#### [RAW DATA]
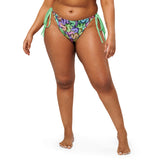 I'm's Color Of Money Recycled String Bikini Bottom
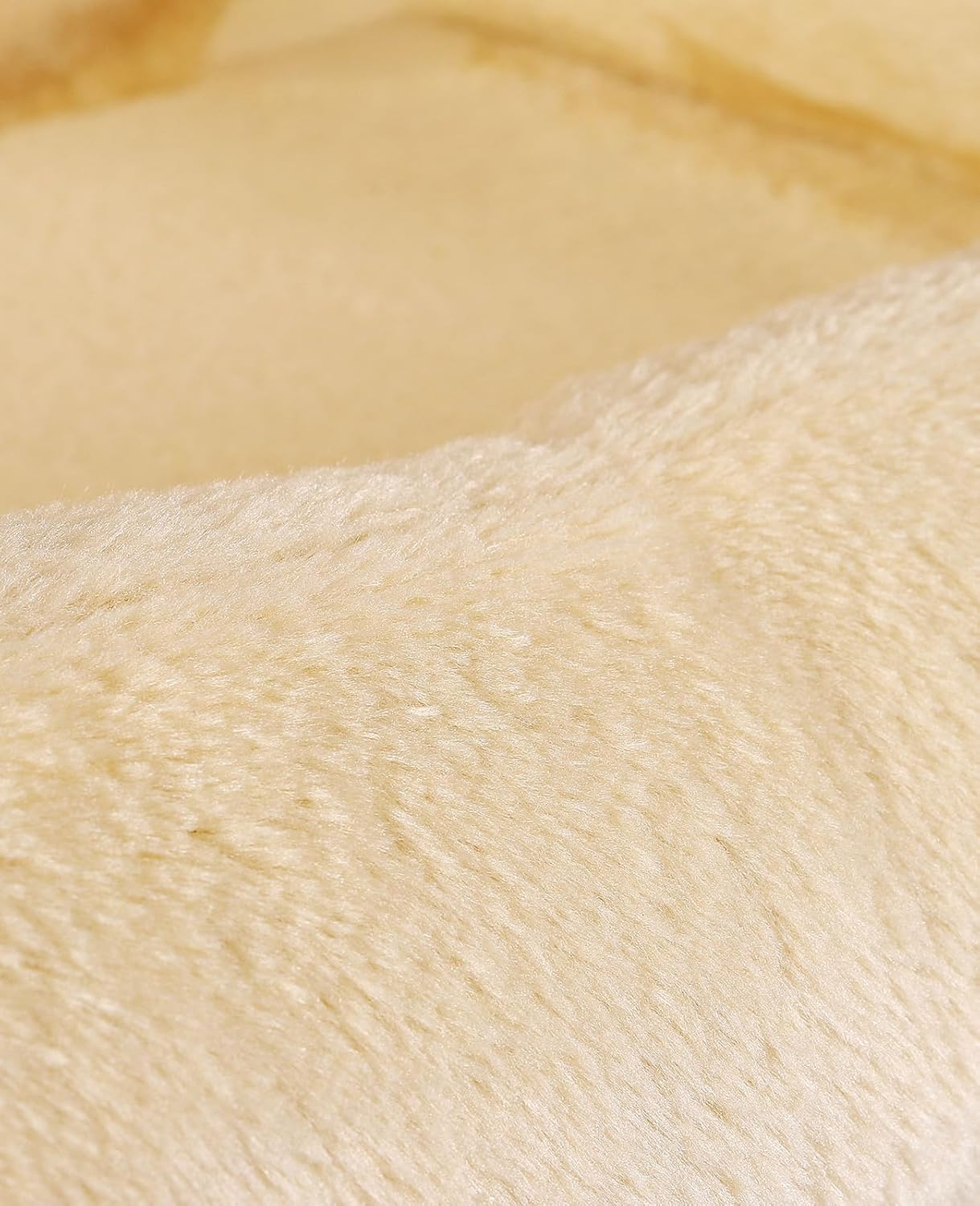 Katzenheizungsliege mit Plüschbezug, Beige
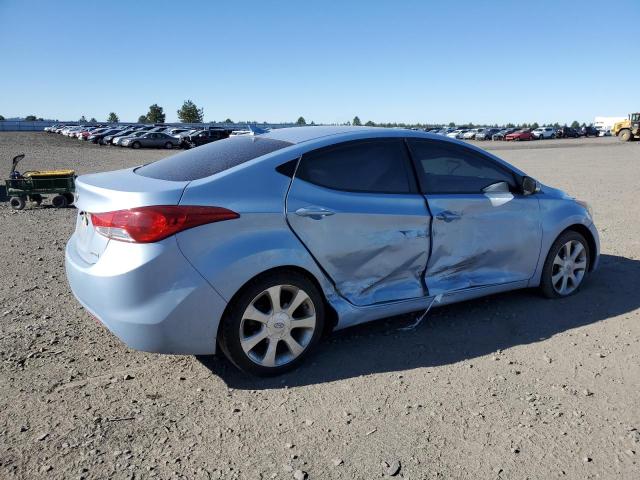 KMHDH4AE6CU195073 - 2012 HYUNDAI ELANTRA GLS BLUE photo 3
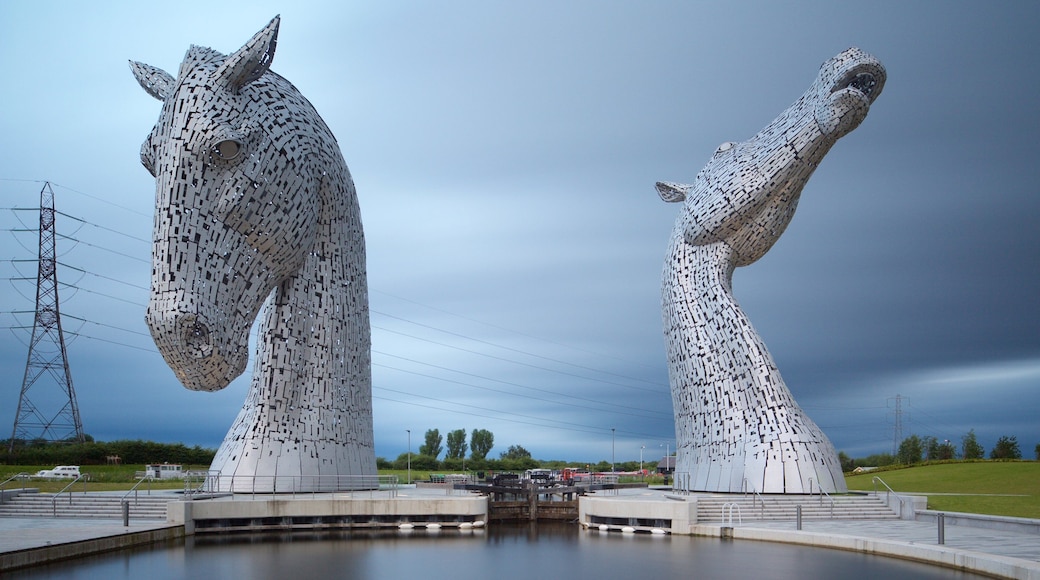 Grangemouth bevat kunst in de open lucht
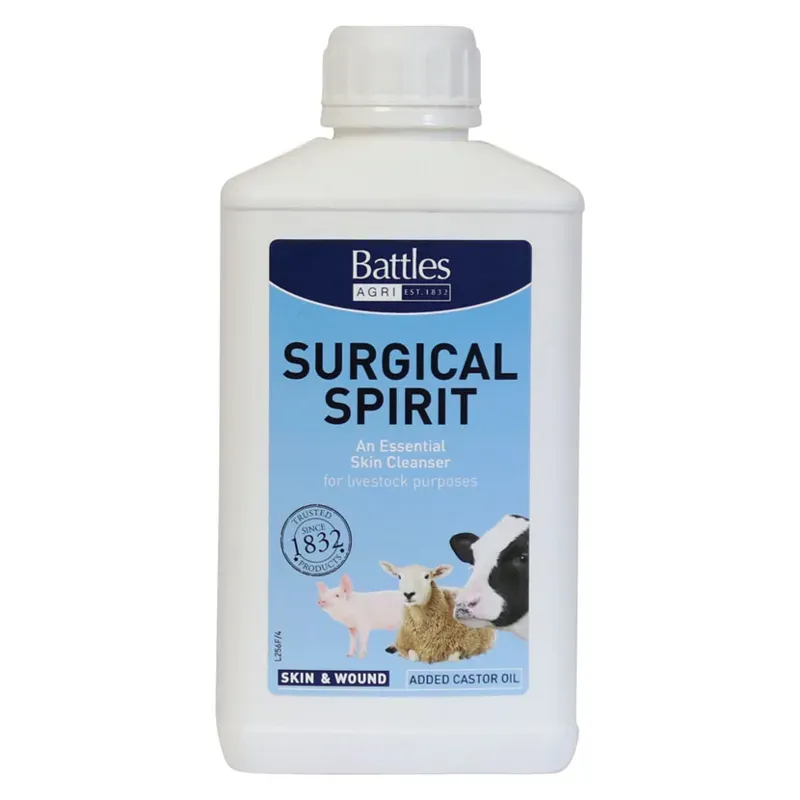 Battles Surgical Spirit in Blue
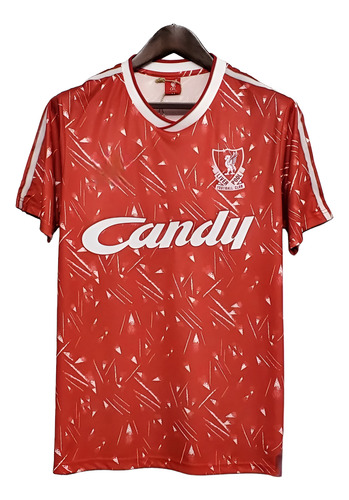 Camiseta Liverpool Local Retro Temporada 1989 - 90 Campeón
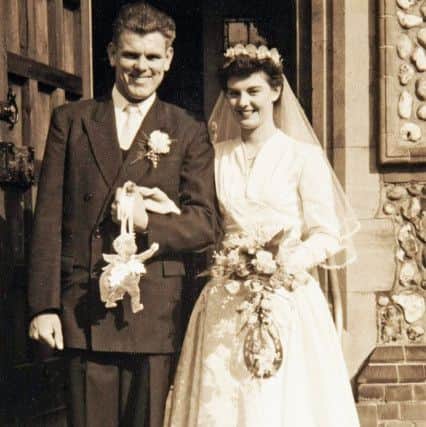 Janette and Colin Short on their wedding day, March 29, 1958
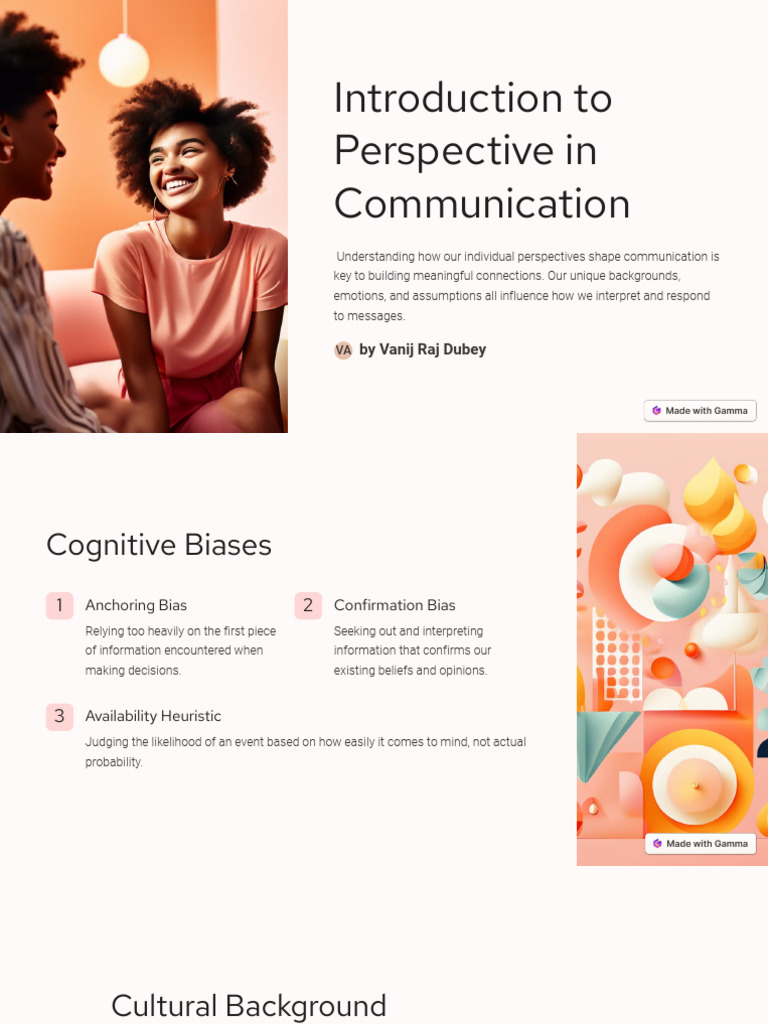 Introduction To Perspective in Communication | PDF | Communication ...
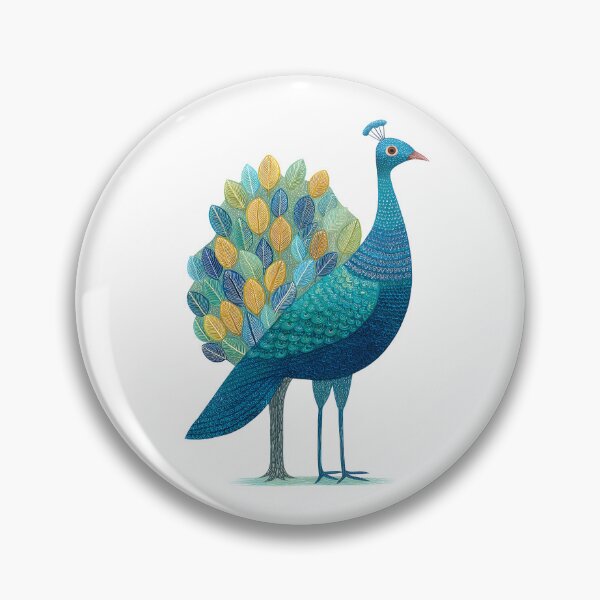 Item preview, Wonderful detailed peacock gond art designed and sold by wonderisland.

#### [PROBLEM TO WORK ON]
Only the lines from the one containing "Introduction To Perspective" through the end of the records above should be retyped, exactly as they stand, with any pictures left out.

#### [YOUR SOLUTION]
 Introduction To Perspective in Communication | PDF | Communication ...
 Item preview, Wonderful detailed peacock gond art designed and sold by wonderisland.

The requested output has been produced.